Taking a look at a few tape machines, the Studer B67, A80, A810, A820 (I stopped dealing with them after that) don't have a single ferrous component in the tape path except for the heads. Some machines may have steel guides, but I'll bet not a whole lot. Apart from heads, what would you demagnetize?
Consider heads for a second. The erase head has a huge ultrasonic AC signal applied to it when operating, which is stronger than the field at the tip of a head degausser, and that erase current is demagnetizing the head all the time. If the erase current is ramped up and down, as it should for punch-in/out, there's no single polarity transient to magnetize it. The same is true of the record head, the bias must be free of any DC component, or it will have lousy noise performance and high even-order distortion. If the bias is ramped up and down, again for punch-in/out, the head is self-demagnetizing. The play head should have no voltage applied at all, so there's no way it should become magnetized by the electronics, unless something is broken. Moving tape presents an AC field, and an very weak one at that, to all tape path components. All AC fields demagnetize, they do not magnetize.
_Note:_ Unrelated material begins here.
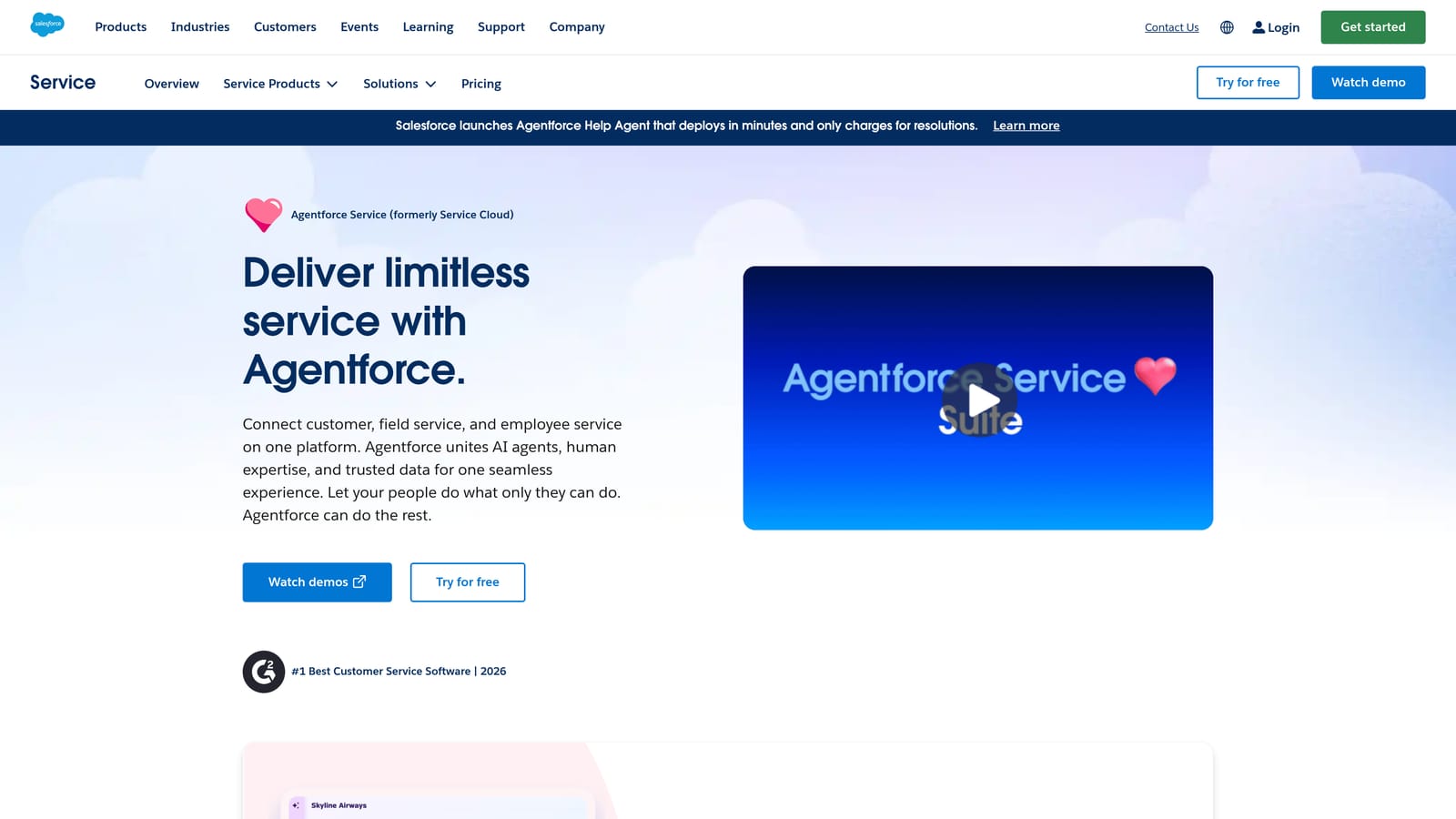 Screenshot of Salesforce Service Cloud Einstein website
So, why would a head or a guide become magnetized? Only two reasons. One, it's a manufacturing defect, two, there's been an electrical failure and a DC component has been applied to the head, magnetizing it.
Ever seen an error in an equipment manual? I have, and not just a few, many. Ever see warnings and cautions in manuals that are clearly there to cover the manufacturer's legal tookus? The manual may suggest daily degaussing, but a responsible tape operator would determind the need, then the effect of degaussing, especially since the very act can end up magnetizing instead.
All magnetic materials have the properties of coercivity and retentivity. I haven't studied tape formula enough to know if one tracks the other, but they seem to. However, it seems some forum members also have these properties, only they appear to have very high coercivity, and very low retentivity.
And finally, I don't care if one guy insists on randomly magnetizing and demagnetizing his heads and guides every day, with his demagnetizer. Go ahead, knock yourself out. I'll just make sure not to give that guy any of my masters to work with.